I believe it’s one of his freest, most adventurous and progressive works. It’s Rachmaninoff but it shows his personal growth. It has more of a modern feel, quite virtuosic, rhythmically and 20th-century energetic, yet with moments of great simplicity in the slower movements and a simpler less dense orchestration. 

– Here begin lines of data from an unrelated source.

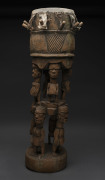 A ceremonial drum with eight standing figures, carved wood and hide, Yoruba tribe, Nigeria, 90cm high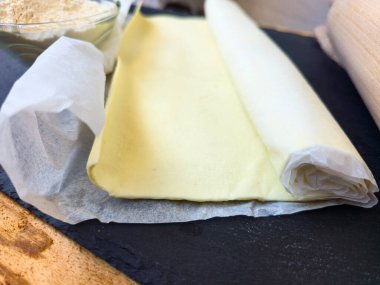 Kara tahtada çiğ puf böreği, yakın plan. Yakınlarda ahşap bir merdane ve un var. Ev yapımı ya da hamur hazırlığı kavramı.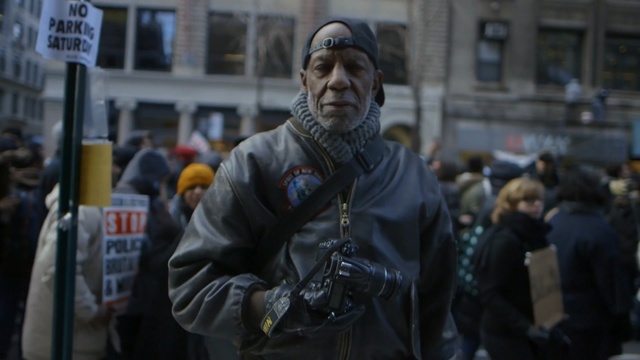 Video Reference N11: crowd, protest, street, event, demonstration, public event, riot, road, Person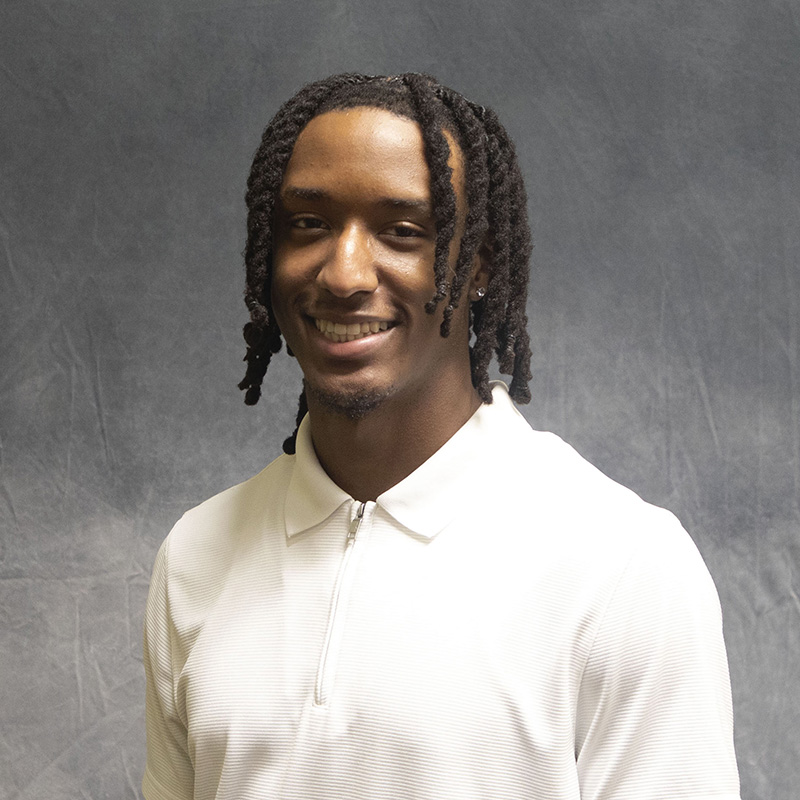 Image of Markeith Horace II wearing a white polo-style shirt.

I can hear why he was criticized because the orchestra carrries most of the melodic content rather than the piano, and it has its moments of emotional disquiet. But after he revised it, I believe it was what he wanted, even if it may not have been what his public wanted. He wrote without compromise. I consider it innovative for him and like it very much.


----------



## DavidA

Michelangeli's recording of this concerto is generally reckoned to be one of the greatest concerto recordings of all time. He really makes your hair stand up on end with his pianism, even outdoing the composer himself on this occasion. I have other versions by the composer himself, by Wild and Entremont, but it is Michelangeli who sets the standard.


----------



## Rafaelcrt

Michelangeli/Gracis is fantastic.
But I'd go for the composer's recording with Ormandy.


----------



## DavidA

Rafaelcrt said:


> Michelangeli/Gracis is fantastic.
> But I'd go for the composer's recording with Ormandy.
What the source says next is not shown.